What to do -
Leaving out every picture, copy the lines of the material below exactly, from the line containing "Mahónia japonská, výška" through the line containing "Two vet techs".

--- Dataset content ---

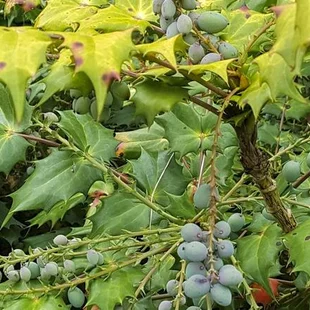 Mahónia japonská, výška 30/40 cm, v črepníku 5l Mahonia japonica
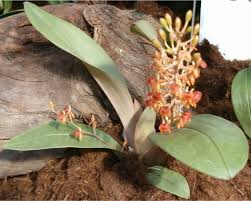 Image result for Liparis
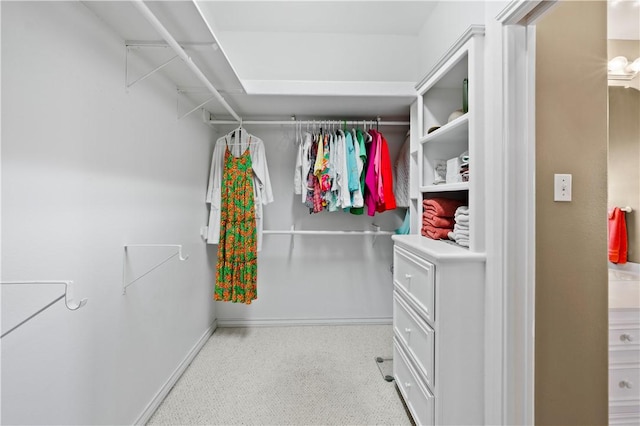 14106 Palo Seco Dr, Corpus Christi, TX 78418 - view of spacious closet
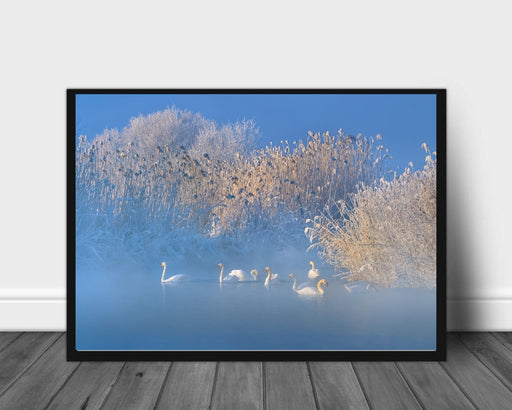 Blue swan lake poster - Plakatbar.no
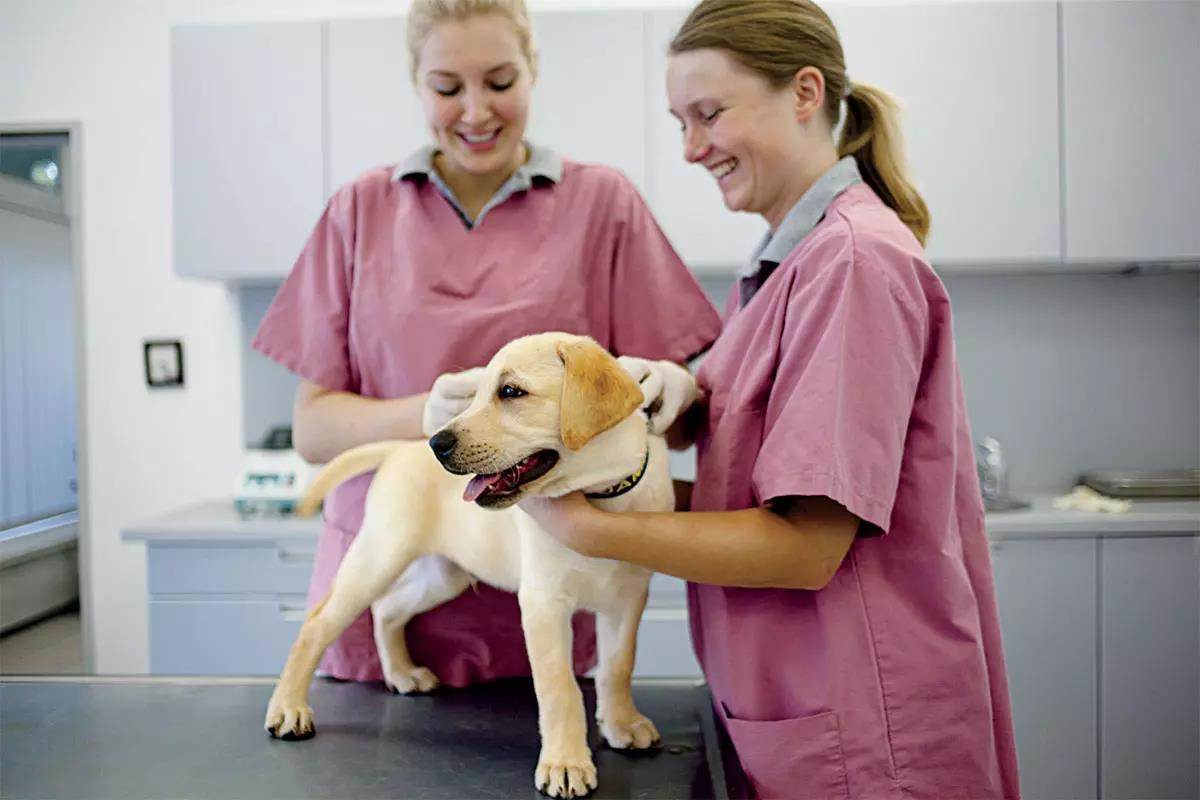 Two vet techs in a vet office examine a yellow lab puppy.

---
--- Dataset content ---

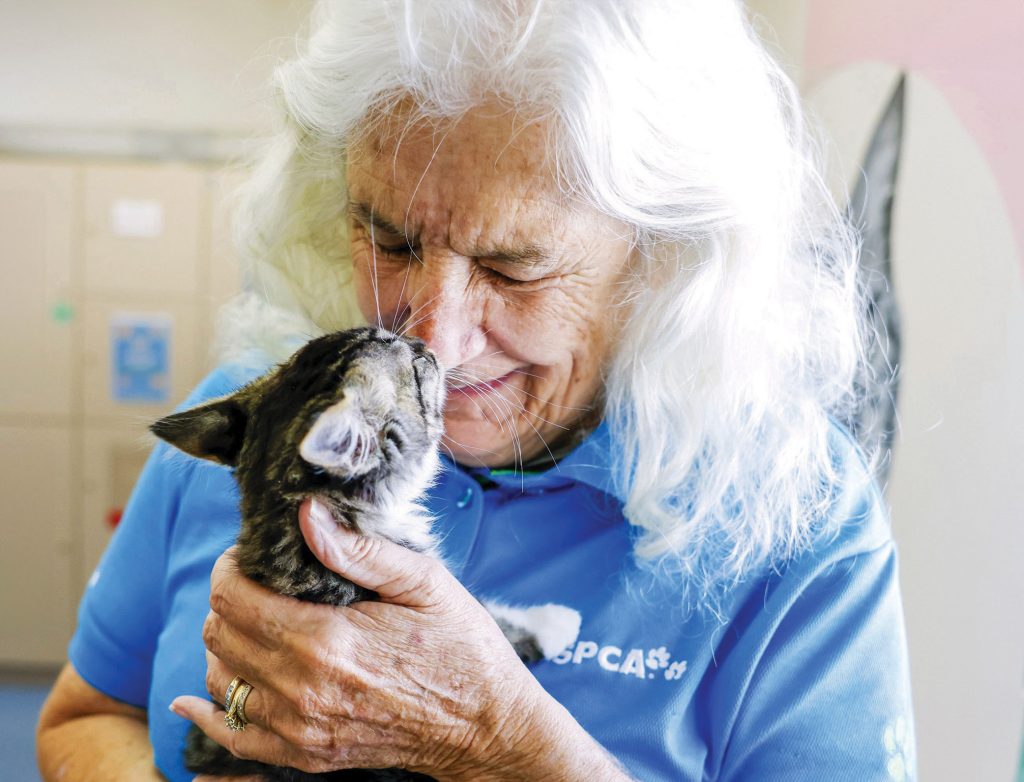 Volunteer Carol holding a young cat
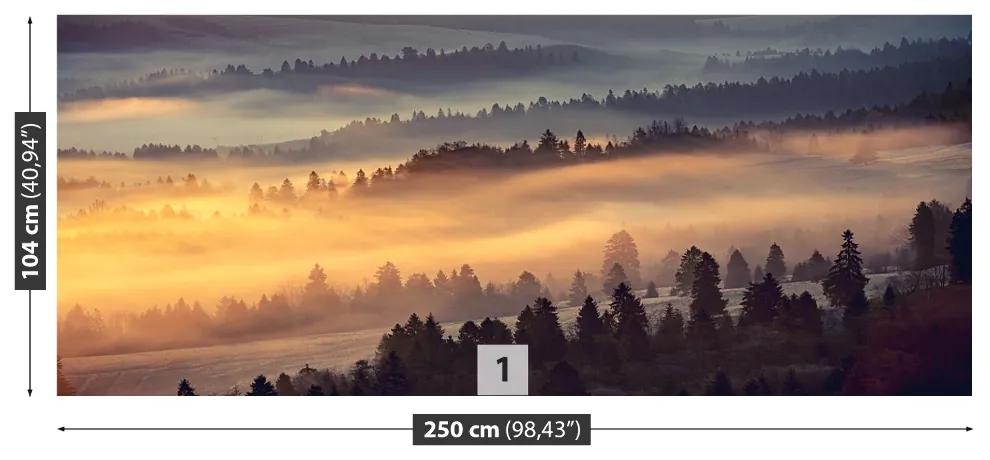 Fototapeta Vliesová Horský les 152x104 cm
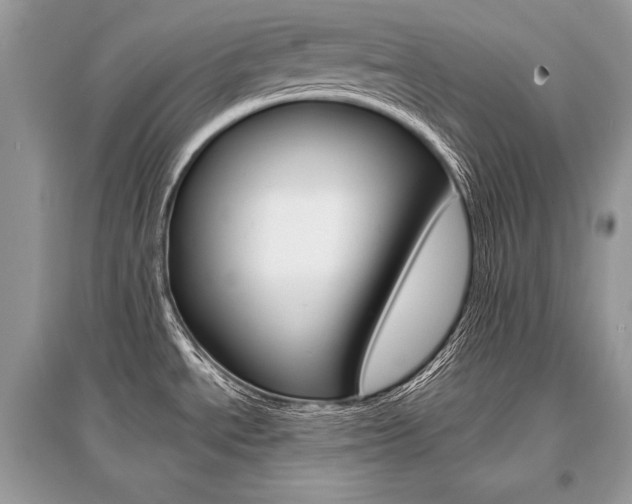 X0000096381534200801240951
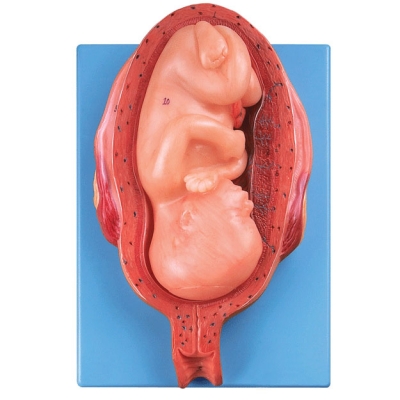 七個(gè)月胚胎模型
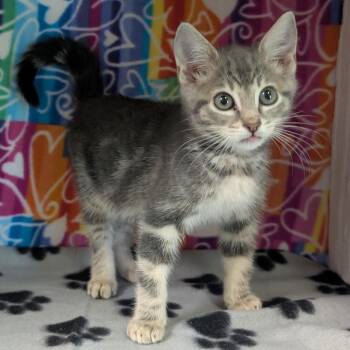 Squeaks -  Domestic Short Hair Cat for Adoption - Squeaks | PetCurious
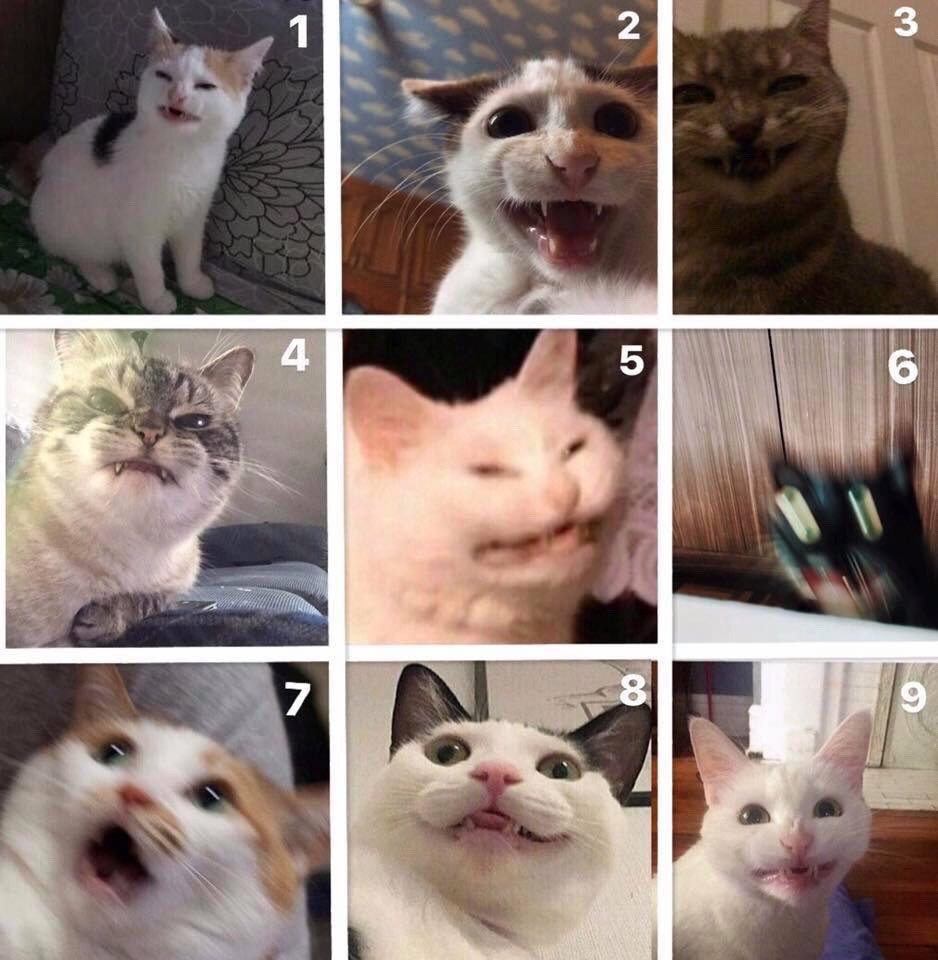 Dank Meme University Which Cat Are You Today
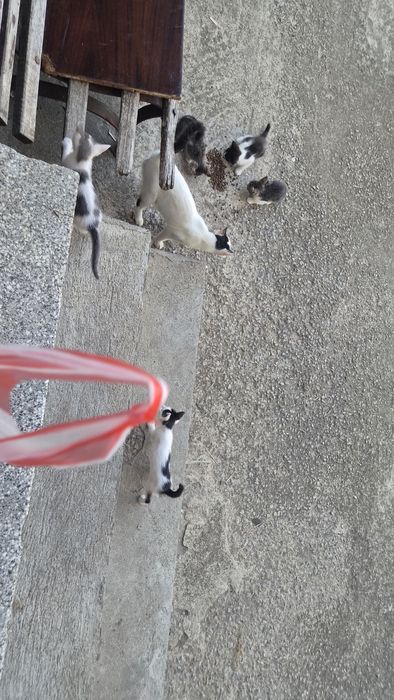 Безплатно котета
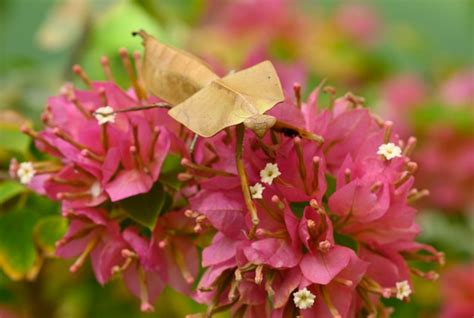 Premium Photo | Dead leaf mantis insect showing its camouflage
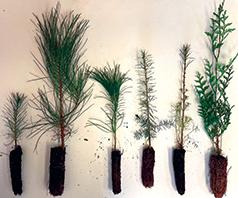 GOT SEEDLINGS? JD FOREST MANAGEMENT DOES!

---
--- Dataset content ---

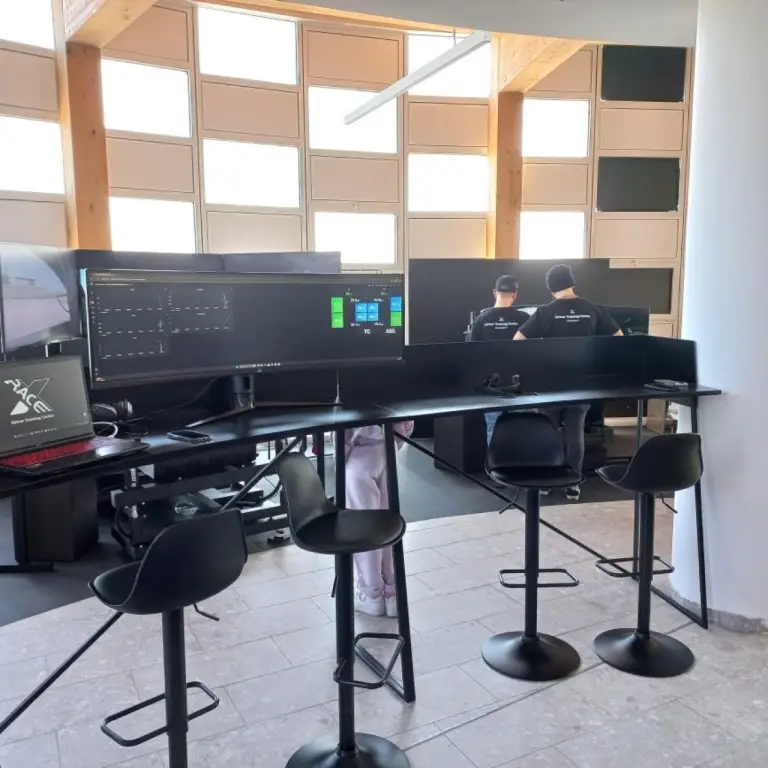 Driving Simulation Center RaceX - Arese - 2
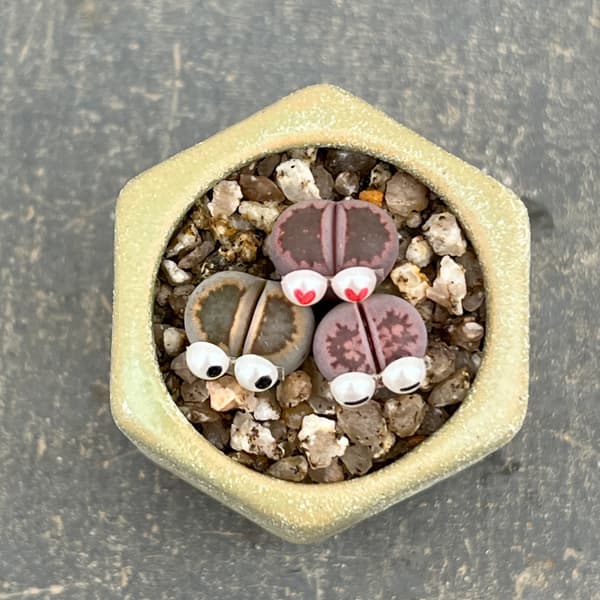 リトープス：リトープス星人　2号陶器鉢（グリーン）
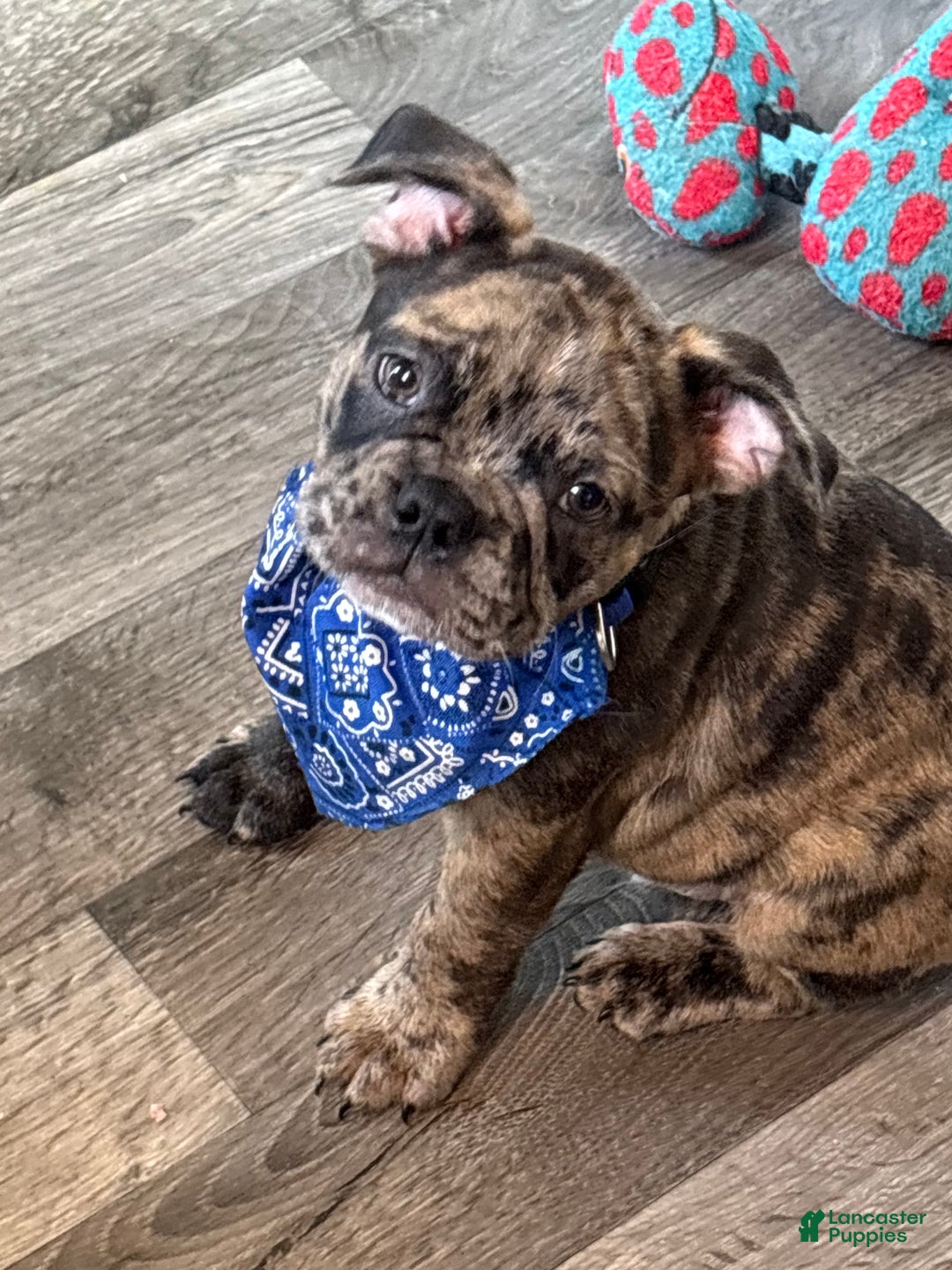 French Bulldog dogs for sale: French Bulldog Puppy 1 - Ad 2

---

Your response -
 Mahónia japonská, výška 30/40 cm, v črepníku 5l Mahonia japonica
 Image result for Liparis
 14106 Palo Seco Dr, Corpus Christi, TX 78418 - view of spacious closet
 Blue swan lake poster - Plakatbar.no
 Two vet techs in a vet office examine a yellow lab puppy.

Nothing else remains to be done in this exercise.